Super easy. It's an EDC 100cc pump. I just sanded off most of the the knurl on the stans tool body. Left maybe 1-2mm of it in place. Then sanded down the flange on the cap of the stans tool a few mm. Took off the weed container on the EDC tool and replaced it with the modified Dart and viola. I was really lucky I sanded off the right amount. Be aware everything fits tight, there is no vibration/movement of the Stans tool because it was just the right length. This is one of the best hacks I've seen in a while. You've basically got everything you'd need for a daily rip.


----------



## SqueakyWheel73 (Sep 21, 2018)

jaggittens said:


> Super easy. It's an EDC 100cc pump. I just sanded off most of the the knurl on the stans tool body. Left maybe 1-2mm of it in place. Then sanded down the flange on the cap of the stans tool a few mm. Took off the weed container on the EDC tool and replaced it with the modified Dart and viola. I was really lucky I sanded off the right amount. Be aware everything fits tight, there is no vibration/movement of the Stans tool because it was just the right length. This is one of the best hacks I've seen in a while. You've basically got everything you'd need for a daily rip.

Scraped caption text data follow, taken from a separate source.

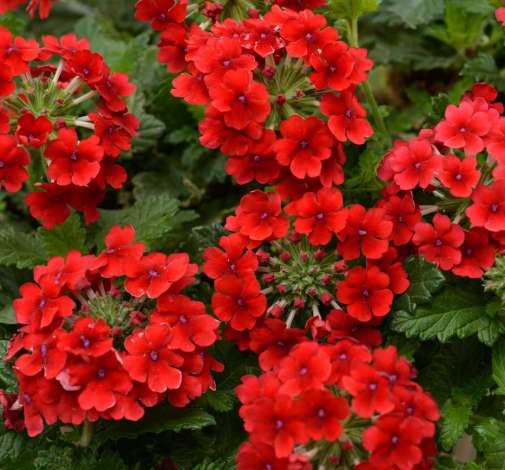 Vanessa™ Compact Red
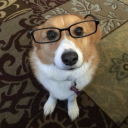 glassesondoggy avatar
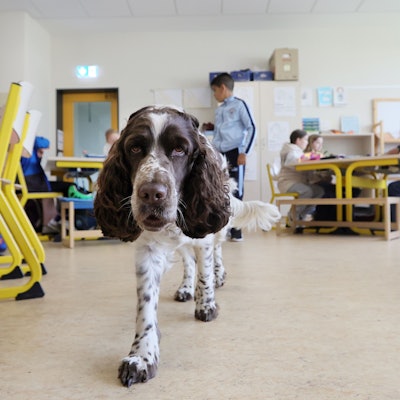Hündin Linn läuft durch die Klasse.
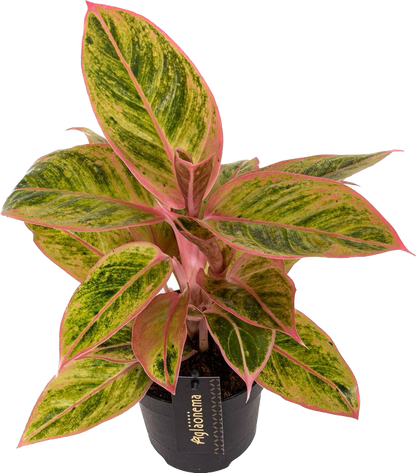 Aglaonema Salmon Fantasy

I don't have an EDC tool, but this is very interesting. Thanks for the idea!


----------



## SoDakSooner (Nov 23, 2005)

I have both of those setups but run the edc tool in the stem. do you have them connected somehow or do they just press together in the pump? May not work in the stem, although I have a oneup pump on order so will have a matched set.


----------



## jaggittens (Oct 25, 2007)

SoDakSooner said:


> I have both of those setups but run the edc tool in the stem. do you have them connected somehow or do they just press together in the pump? May not work in the stem, although I have a oneup pump on order so will have a matched set.


Just pressed together. The cap on the Stans tool is not super hard and it has an indentation that seems to fit into the bottom of the tools plastic body. So yup friction is holding everything from knocking around.


----------



## FishMan473 (Jan 2, 2003)

alexbn921 said:


> Finally got my Dyna plugs in. Spent 20 minutes making the adapter and installing it.
> 
> View attachment 1154706
> View attachment 1154707
> View attachment 1154705


Sorry for the necro-reply, but Alex, if you're still listening, how did you thread the interior of that CO2 cartridge end to match the threads of the Dynaplug? AFAICT, the Dynaplug threads are M5 x 1-pitch, and I don't have a tap that size my kit. Is that the right size, looks like I can order one online for like $13, but would prefer a work-around.

Thanks!


----------



## alexbn921 (Mar 31, 2009)

I used a 10-24NC [#25]


----------



## FishMan473 (Jan 2, 2003)

alexbn921 said:


> I used a 10-24NC [#25]


Yep, that appears to be the correct thread, thanks! Should be easy enough to run down to my local hardware store and get the right tap 😷


----------



## coursemyhorse (Nov 30, 2011)

Hi guys, I've had the EDC tool since last summer here in the UK. I installed on my old Stumpjumper which does _not_ satisfy part C or D in the requirements below. D is fine, it just means I cannot insert the bottom plug as I have non tapered steerer opening at the bottom. I have old style Fox RL 32 forks. With part C, it means I cannot run the additional plastic storage canister. If I insert the tool with the canister attached, it stops with about 2cm of exposed tool still at the top. If I use without the canister part and just the bare tool, all works fine.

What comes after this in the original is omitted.